Düşmanlar neden direnişin silahlarını ve yöntemlerini ortadan kaldırmaya çalışıyor? Çünkü biliyorlar ki direniş bu bölgede kalan ve Siyonist düşmana karşı duran taraftır. Bu düşmanı destekleyen, onun terör suçlarını örtbas eden ve bölgedeki politikalarını destekleyen herkes, Amerika’nın istediği şeyi uyguladığını bilmelidir.’
Muhammed Raad ayrıca Lübnan ile işgal altındaki Filistin arasındaki sınır anlaşmazlığına da değindi ve şunları söyledi: ‘Tağuta karşı durduğumuzda ve Lübnan’ın tüm hakları geri verilene kadar düşmanın gaz kaynaklarını sömürmesine izin vermediğimizde Amerika, öfke ve hoşnutsuzlukla Lübnan’ın siyasi konularına girmiştir ve ülkemizin cumhurbaşkanının seçimine müdahale etmek ve farklı ülkelerin büyükelçilerini birbirine kışkırtmak istemektedir.
Amerika, Lübnan’da direnişin hakkını resmi olarak tanımayan ve Washington’un emirlerini yerine getiren bir cumhurbaşkanın göreve gelmesini istiyor.
Geçici Siyonist rejim uzun süre dayanamayacaktır ve Siyonistlerin ömrü bizim irademize bağlıdır. Onlar direnişle savaşmanın peşinde oldukları sürece biz de direniş yoluna ve verdiğimiz sözlere devam edeceğiz.’
Hizbullah Yürütme Konseyi Başkan Yardımcısı Şeyh Ali Damuş da pazar günü yaptığı açıklamada şunları söyledi: ‘Direniş, tüm baskılara ve meydan okumalara rağmen gücünün ve varlığının zirvesindedir ve Amerika, israil, Suudi Arabistan ve Lübnan’daki paralı askerlerinin tüm komplolarıyla mücadele etmektedir.

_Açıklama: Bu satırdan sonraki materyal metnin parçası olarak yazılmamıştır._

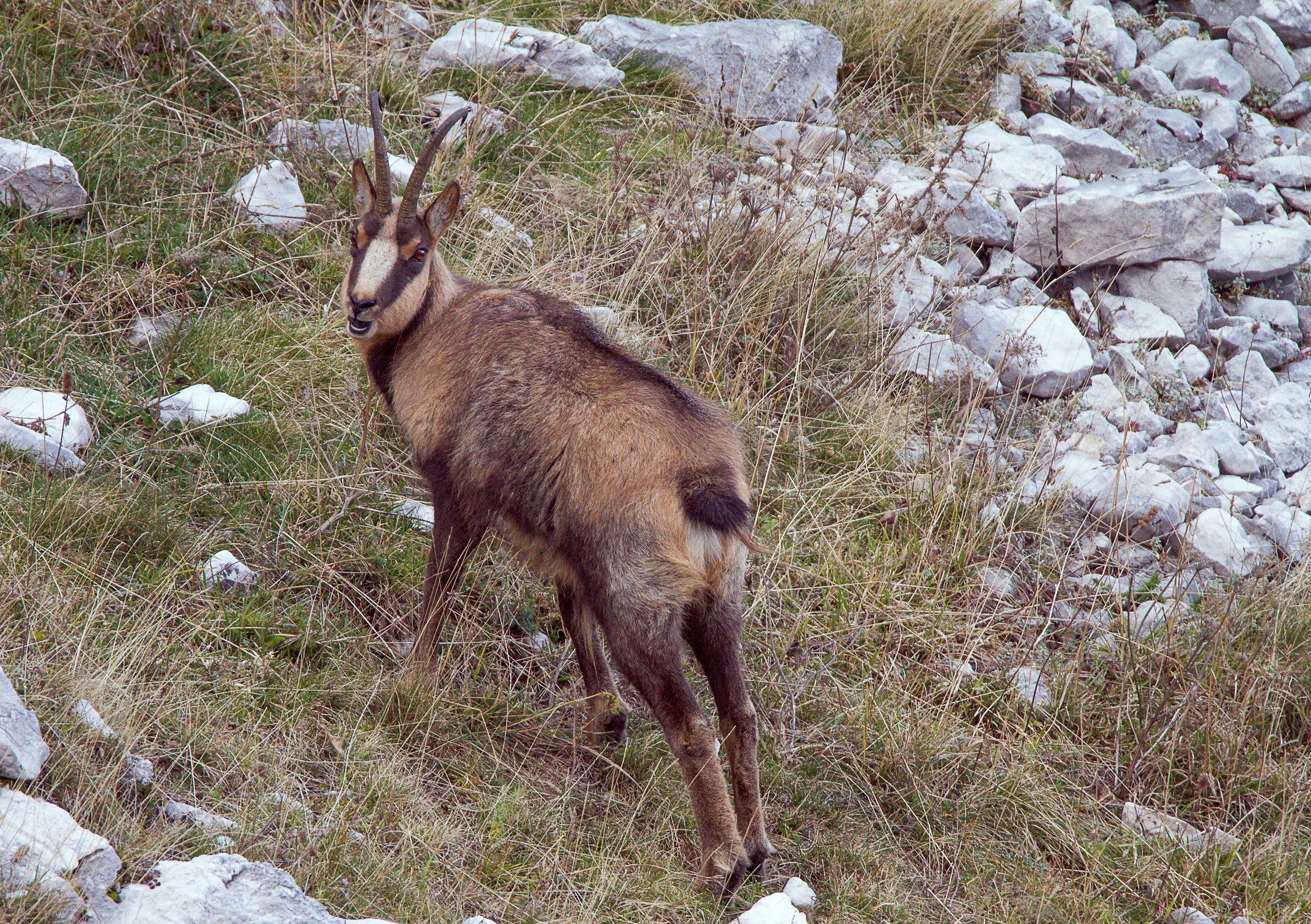 Chamois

Dürüst ve sadık Lübnanlılar direnişi destekliyor ve baskılar ve meydan okumalar artsa bile direnişin hedeflerini ve silahlarını savunmaktan vazgeçmiyorlar. Çünkü onlar, ülke hedefleri yolunda direnişin ihlasını gördüler ve direnişin zaferlerini ve başarılarını hatırlıyorlar.’